As a company that deals with national security affairs, Lockheed Martin has always placed a premium on protecting classified information. Four years ago, the company created a core privacy team, of which several members achieved their CIPP certification independently. But, with rapid changes in technology and an increased societal emphasis on privacy, Lockheed Martin quickly recognized the importance of privacy education for staff that touch all types of data, across the enterprise. They sought the IAPP’s help to bring in formal training throughout the organization. The company has already hosted seven on-site IAPP training sessions and now boasts more than 200 IAPP privacy-trained employees.
Providing In-depth Privacy Education to Non-privacy Staff across the Organization
Lockheed Martin works on programs that require employees to take on privacy responsibilities as part of their job. They are required to handle a significant amount of personally identifiable information (PII) within their program, which means their knowledge of privacy is crucial. Jim Byrne, CIPP/US, CIPP/G, CIPP/IT, Chief Privacy Officer at Lockheed Martin, elaborates: “Our privacy program is about building trust with our customers, employees, partners and vendors to ensure that the information we collect is safeguarded and used appropriately under the circumstances.” Lockheed Martin was especially concerned that employees filling the privacy role on programs that involve PII receive training to reduce risk, demonstrating its commitment to privacy.
In-person Privacy Training and Certification Testing Delivered On-site
The IAPP worked with Lockheed Martin to implement ongoing sessions of in-person training at their Bethesda, Maryland headquarters. Members of the IAPP’s Professional Privacy Faculty presented the seven-hour Certification Foundation training session to employees and then offered the Foundation exam the next day. So far, more than 200 employees have participated in one of the seven on-site training sessions, with additional sessions being planned on a continual basis. The training sessions are offered specifically to those employees who handle PII internally, as well as employees working on external programs that involve PII.

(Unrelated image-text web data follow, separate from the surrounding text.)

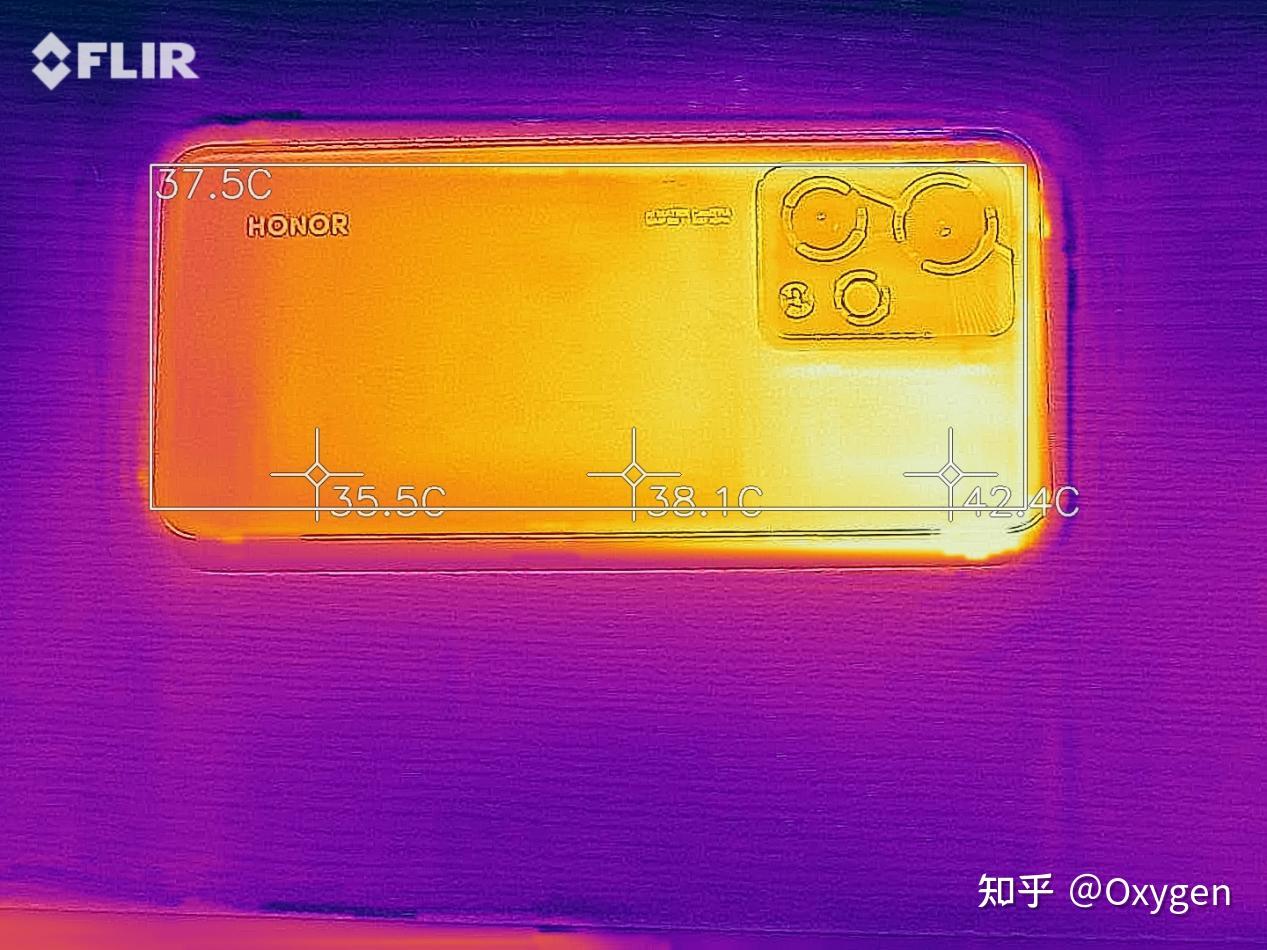 手机发烫打游戏就卡_打游戏手机发烫很卡顿_手机烫打游戏很卡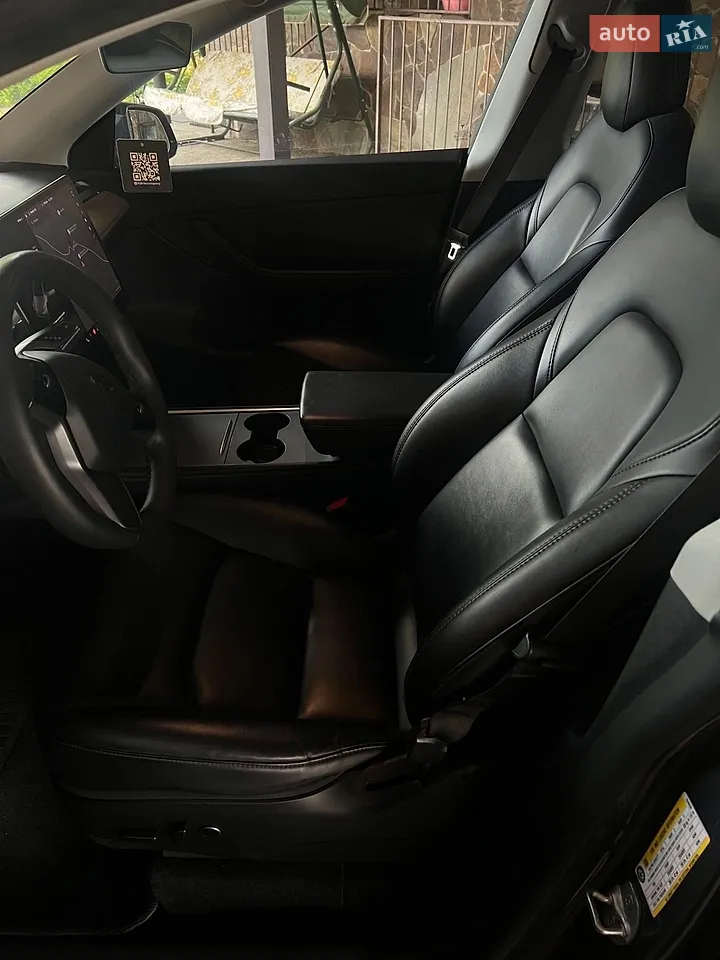 2021 Tesla Model Y - мініатюра 2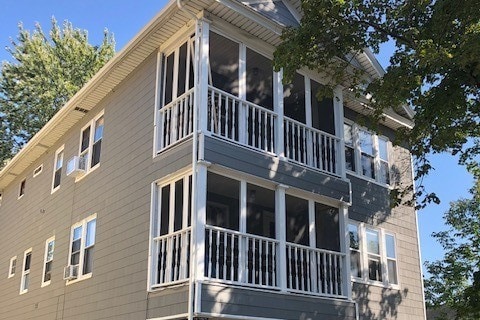 53 Pilgrim Ave, Unit floor 2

Reduced Risk, Differentiation in the Marketplace
While there was never an incident that drove Lockheed Martin to create its privacy program four years ago, the company recognizes the benefit of reducing the risk that an incident could occur. Byrne says the steps Lockheed Martin has taken to address privacy across the corporation “demonstrate that we take privacy seriously.” Employee reaction to the training has been positive as well, according to Byrne: “They understand the value of the training.” In addition, Byrne says the company’s IAPP training and certifications give Lockheed Martin a competitive advantage. Byrne says his goal is to eventually have a CIPP on every program Lockheed Martin works on that handles PII.
Implement a Customized Program to Further Increase the Number of Privacy-trained Employees
Byrne says he “would like the net to be cast much broader” as to which employees throughout the organization are privacy trained. To this end, Lockheed Martin is working with the IAPP to develop a two-hour tailored training program based on relevant sections of the CIPP bodies of knowledge—plus a short segment specific to Lockheed Martin practices.
The advantage of this shorter, customized program is that it will be accessible to many more employees. Byrne says the result will be improved decision making when it comes to privacy issues, but also, employees will have the knowledge to drive the expectations for programs involving personal information.
Byrne stresses that Lockheed Martin is trying to balance this two-hour training with the full IAPP training and certification program. “Ideally employees would do both, but at least complete the two-hour training module,” he explains.
Lockheed Martin will be expanding the IAPP training program globally. “I want as many certified people as possible, even in our international locations,” says Byrne.